Um dos efeitos colaterais nocivos da política de bonificação, de acordo com a mesma pesquisa, é o risco de ocorrer o chamado “teaching for the test”, na tradução livre, “ensino para os testes”. Segundo os pesquisadores, na prática, os professores acabam focando nos conteúdos que são cobrados nas avaliações definidas como critério da premiação. A consequência desse comportamento pode resultar em uma redução da carga didática de disciplinas que não entram na avaliação do bônus. “Investigar a prática ou não desse tipo de comportamento no sistema paulista também é um item importante na agenda de investigação do tema”, sugere o estudo. 

Um trabalho de dissertação de mestrado da Universidade Federal de Juiz de Fora (MG), de autoria de Denise Medeiros, também concluiu que as medidas de bonificação implementadas no Rio de Janeiro não surtiram efeitos positivos. A pesquisa analisou as práticas gestoras de oito escolas estaduais do município de Valença e concluiu que o programa “não causou grandes modificações nas práticas gestoras das escolas, gerou apenas uma maior preocupação com o atingimento das metas”, afirma a pesquisa. 

Uma consequência constatada no trabalho foi de que os gestores escolares passaram a se preocupar em convencer os pais da importância de se atingir as metas. A mestranda também concluiu que o incentivo financeiro é importante para modificar algumas práticas, mas que, isoladamente, o programa “não garante o alcance dos objetivos, visto que, sem a formação continuada, o gestor não atua como agente e ator da política”. 

De acordo com a pesquisadora em educação Andréia da Silva, em artigo publicado na Revista Brasileira de Política e Administração da Educação (RBPAE), um dos efeitos negativos da política paira sobre a possibilidade de as escolas não aplicarem provas aos alunos mais fracos. O objetivo da fraude seria o de não diminuir as notas nos testes avaliativos. Além disso, segundo o estudo, as instituições de ensino “passam a se preocupar menos com as séries que não são avaliadas” e ocorre uma insatisfação dos professores em razão da pressão criada em torno do prêmio. 

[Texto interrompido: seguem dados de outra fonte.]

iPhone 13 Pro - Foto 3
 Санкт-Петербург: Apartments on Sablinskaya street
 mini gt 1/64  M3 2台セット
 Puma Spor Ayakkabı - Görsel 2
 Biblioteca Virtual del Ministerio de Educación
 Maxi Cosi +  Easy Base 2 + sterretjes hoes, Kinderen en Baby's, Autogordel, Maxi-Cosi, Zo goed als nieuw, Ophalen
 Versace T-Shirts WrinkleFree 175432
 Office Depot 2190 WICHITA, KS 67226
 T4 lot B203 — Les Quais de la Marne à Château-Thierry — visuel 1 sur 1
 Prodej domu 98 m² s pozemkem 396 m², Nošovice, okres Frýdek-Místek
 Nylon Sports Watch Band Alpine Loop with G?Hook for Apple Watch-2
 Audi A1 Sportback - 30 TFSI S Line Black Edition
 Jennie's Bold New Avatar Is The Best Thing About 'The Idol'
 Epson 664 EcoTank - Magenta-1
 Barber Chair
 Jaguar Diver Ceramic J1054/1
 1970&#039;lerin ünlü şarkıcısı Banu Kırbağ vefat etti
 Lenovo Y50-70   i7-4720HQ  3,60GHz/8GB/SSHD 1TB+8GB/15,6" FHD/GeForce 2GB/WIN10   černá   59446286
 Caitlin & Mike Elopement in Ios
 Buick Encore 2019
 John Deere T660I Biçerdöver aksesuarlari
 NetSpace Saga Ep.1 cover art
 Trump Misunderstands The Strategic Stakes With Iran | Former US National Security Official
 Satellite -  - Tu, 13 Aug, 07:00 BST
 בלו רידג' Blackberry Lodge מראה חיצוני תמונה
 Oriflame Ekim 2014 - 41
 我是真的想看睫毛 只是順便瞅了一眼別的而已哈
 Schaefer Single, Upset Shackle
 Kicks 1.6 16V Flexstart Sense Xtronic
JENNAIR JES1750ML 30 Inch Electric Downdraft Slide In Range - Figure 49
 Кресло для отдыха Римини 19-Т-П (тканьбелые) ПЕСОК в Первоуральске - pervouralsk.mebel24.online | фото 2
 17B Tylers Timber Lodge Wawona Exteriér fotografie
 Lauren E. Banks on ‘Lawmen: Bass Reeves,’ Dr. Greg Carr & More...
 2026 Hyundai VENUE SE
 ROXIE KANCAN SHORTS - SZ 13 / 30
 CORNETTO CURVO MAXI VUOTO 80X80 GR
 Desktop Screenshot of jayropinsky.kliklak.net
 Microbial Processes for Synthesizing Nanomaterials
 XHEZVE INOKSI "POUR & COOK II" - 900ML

Em outubro, o relatório de monitoramento global divulgado pela Organização das Nações Unidas para a Educação, a Ciência e a Cultura (UNESCO) também pendeu para o lado nocivo da política de premiação. O documento define os programa como injustos e não construtivos. Ele cita como exemplo a Indonésia, onde quase metade do absenteísmo dos professores, entre 2013 e 2014, ocorreu devido à concessão de tempo livre para estudo, sem que o governo tivesse garantido professores substitutos. 

A entidade também menciona o caso de Senegal, local em que apenas 12 dos 80 dias escolares perdidos em 2014 foram ocasionados por professores que se esquivaram de suas responsabilidades. “As pessoas não podem ser responsabilizadas por resultados que dependem das ações de outros”, salienta o documento. Para Unesco, a responsabilização deve começar com os governos.